WIGN
- Bristol, Tennessee; United States;
- Broadcast area: Tri-Cites - Johnson City -Kingsport - Bristol
- Frequency: 1550 kHz
- Branding: WIGN 1550 AM & 92.1 FM

Programming
- Format: Bluegrass Music, Southern Gospel and Christian talk and teaching

Ownership
- Owner: Mountain Music Ministries, LLC

History
- First air date: August 16, 1962

Technical information
- Licensing authority: FCC
- Facility ID: 63979
- Class: D
- Power: 35,000 watts (day); 6 watts (night);
- Transmitter coordinates: 36°33′57.4″N 82°09′26.5″W﻿ / ﻿36.565944°N 82.157361°W
- Translator: 92.1 W221EC (Bristol)

Links
- Public license information: Public file; LMS;
- Website: 1550ambluegrass.com

= WIGN =

WIGN (1550 AM) is a commercial radio station licensed to Bristol, Tennessee, United States, and serving the Tri-Cites area of Tennessee and Virginia. Owned by Mountain Music Ministries, LLC, the station broadcasts a format of Bluegrass Music, Southern Gospel Music and Christian talk and teaching.
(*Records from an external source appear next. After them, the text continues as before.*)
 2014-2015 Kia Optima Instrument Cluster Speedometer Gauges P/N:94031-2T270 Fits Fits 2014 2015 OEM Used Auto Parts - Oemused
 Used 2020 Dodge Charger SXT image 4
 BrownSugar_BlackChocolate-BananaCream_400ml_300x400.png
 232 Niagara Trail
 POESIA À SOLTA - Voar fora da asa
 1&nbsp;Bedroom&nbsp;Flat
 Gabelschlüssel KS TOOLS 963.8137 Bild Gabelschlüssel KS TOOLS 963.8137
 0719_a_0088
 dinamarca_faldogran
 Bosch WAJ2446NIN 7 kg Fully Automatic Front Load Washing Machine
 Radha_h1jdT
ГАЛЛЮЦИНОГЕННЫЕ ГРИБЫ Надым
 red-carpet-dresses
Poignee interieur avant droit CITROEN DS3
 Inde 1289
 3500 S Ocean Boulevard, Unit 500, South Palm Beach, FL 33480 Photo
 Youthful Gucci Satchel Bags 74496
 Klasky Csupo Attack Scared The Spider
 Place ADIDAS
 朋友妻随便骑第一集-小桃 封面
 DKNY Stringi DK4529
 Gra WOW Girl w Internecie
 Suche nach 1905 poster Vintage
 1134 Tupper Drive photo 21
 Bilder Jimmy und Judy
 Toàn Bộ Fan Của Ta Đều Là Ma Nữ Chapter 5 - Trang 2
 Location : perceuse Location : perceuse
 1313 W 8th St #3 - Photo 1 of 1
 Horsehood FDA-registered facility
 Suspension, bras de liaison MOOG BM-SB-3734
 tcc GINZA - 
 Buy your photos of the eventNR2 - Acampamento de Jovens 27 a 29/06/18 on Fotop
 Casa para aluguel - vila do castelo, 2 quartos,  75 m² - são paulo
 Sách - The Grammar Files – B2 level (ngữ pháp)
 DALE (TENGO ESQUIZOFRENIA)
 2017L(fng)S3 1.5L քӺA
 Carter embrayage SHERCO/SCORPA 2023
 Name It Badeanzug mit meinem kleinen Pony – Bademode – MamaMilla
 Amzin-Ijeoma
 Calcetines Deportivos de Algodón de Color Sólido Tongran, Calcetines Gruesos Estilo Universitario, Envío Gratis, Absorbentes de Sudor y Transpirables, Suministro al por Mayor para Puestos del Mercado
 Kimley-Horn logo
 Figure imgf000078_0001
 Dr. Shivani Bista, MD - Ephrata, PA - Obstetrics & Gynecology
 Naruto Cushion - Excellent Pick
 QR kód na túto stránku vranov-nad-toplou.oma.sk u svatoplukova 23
By day, WIGN is powered at 35,000 watts non-directional. But 1550 AM is a Canadian and Mexican clear-channel frequency. So to reduce interference, WIGN must greatly reduce nighttime power to 6 watts. WIGN also broadcasts on a 250 watt FM translator, 92.1 MHz W221EC.

==History==
On August 16, 1962, the station first signed on the air. It was originally a daytimer, required to go off the air at sunset. It later received low-power nighttime authorization. For much of its history, it has broadcast a mix of Classic Country, Southern Gospel and Bluegrass music.